KR100574870B1 - Pattern carrier for use in transfer pattern printing and the use of a non-crystalline saccharide syrup in a dispersion for coating a paper web so as to obtain such a pattern carrier - Google Patents

Abstract

The pattern carrier for transferring the pattern to the fabric comprises paper having air permeability (Bendtsen-porosity) greater than 500 ml / min and a water absorbency of at least Cobb-number 50, wherein the paper is amorphous A dispersion solution of carboxymethylcellulose containing saccharide syrup is coated at 30 g per square meter, and then one or more color patterns are printed on the paper, each of which has a temporary bonding effect in the form of carboxymethylcellulose and easily Water-soluble or dispersible dyes in admixture with soluble settling agents.

The use of saccharide syrup for coating, preferably sorbitol syrup, makes it possible to use standard absorbent raw paper as the base of the pattern carrier, thereby reducing productivity and manufacturing cost.

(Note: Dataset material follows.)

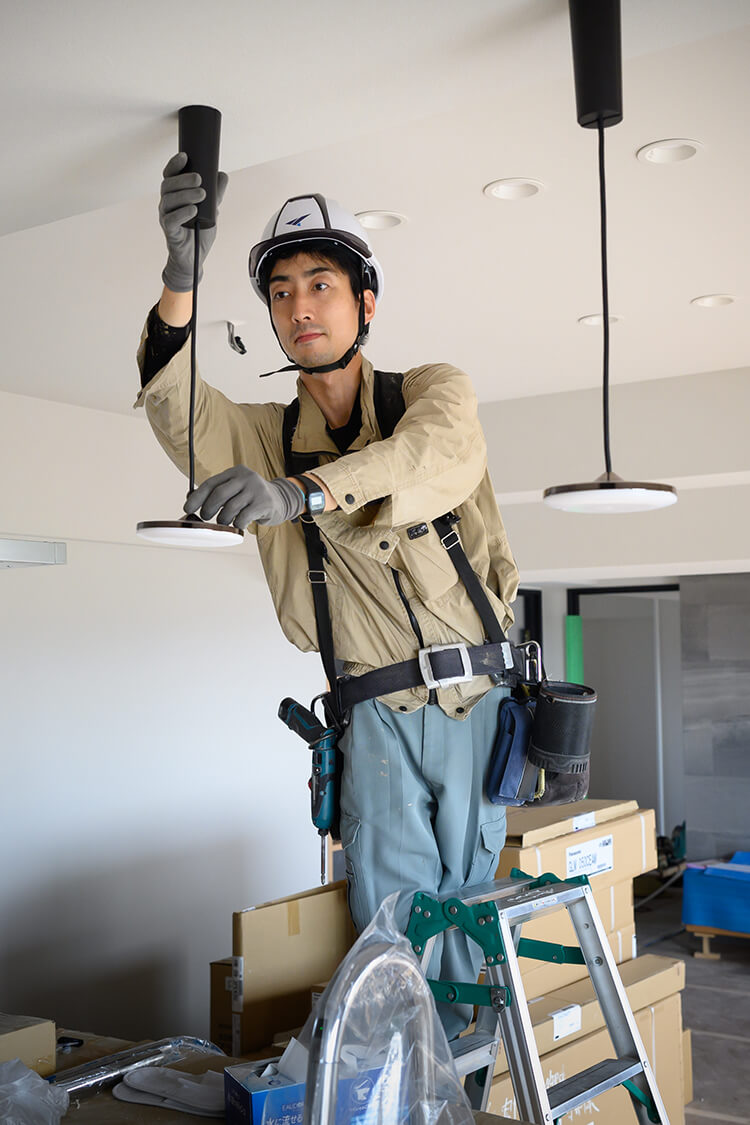 照明の長さを合わせる熱視線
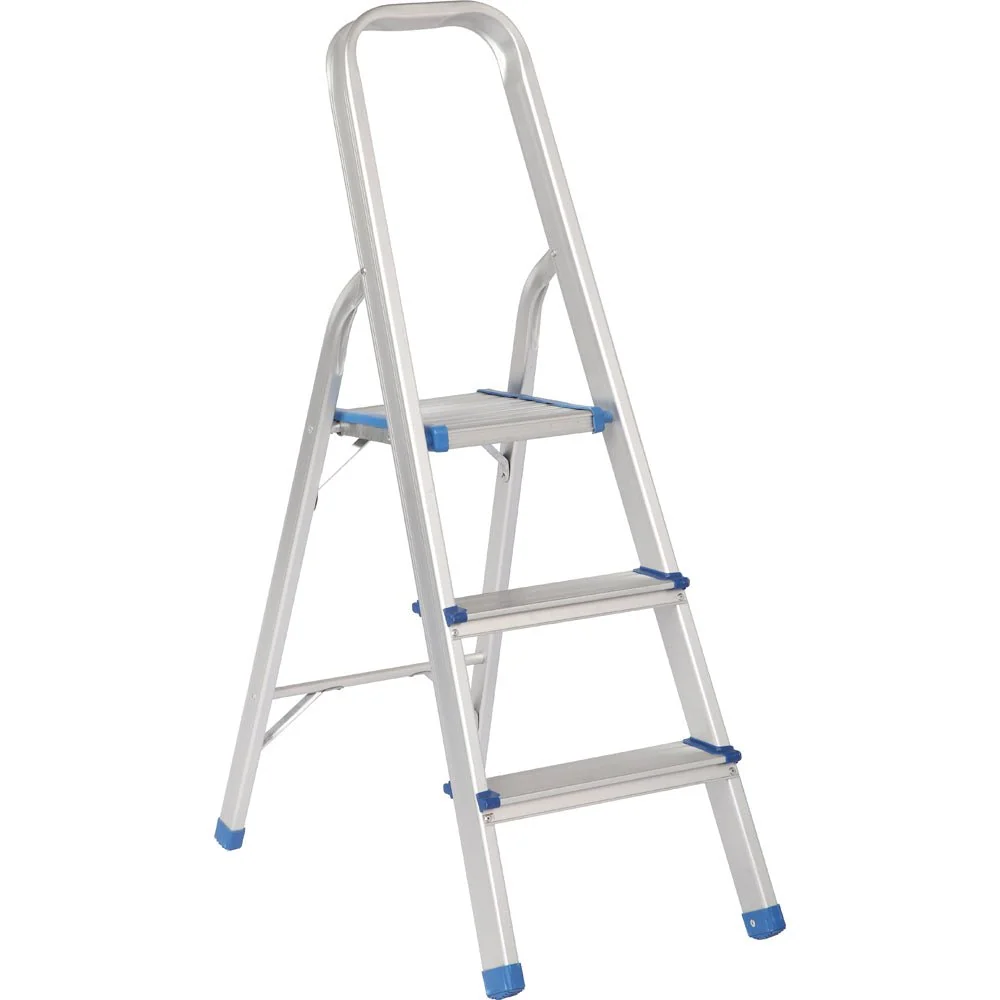 Escalera plegable tipo taburete aluminio 2 escalones Surtek.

Pattern carrier, transcription

Description

PATTERN CARRIER FOR USE IN TRANSFER PATTERN PRINTING AND THE USE OF A NON-CRYSTALLINE SACCHARIDE SYRUP IN A DISPERSION FOR COATING A PAPER WEB SO AS TO OBTAIN SUCH A PATTERN CARRIER}

The present invention relates to a pattern carrier in the form of a paper web having a color pattern to be printed for use in pattern transfer of wet fabric webs. The present invention also relates to the use of sugar syrups, which are well known as dispersion solution materials for coating a paper web to obtain a pattern carrier with special properties.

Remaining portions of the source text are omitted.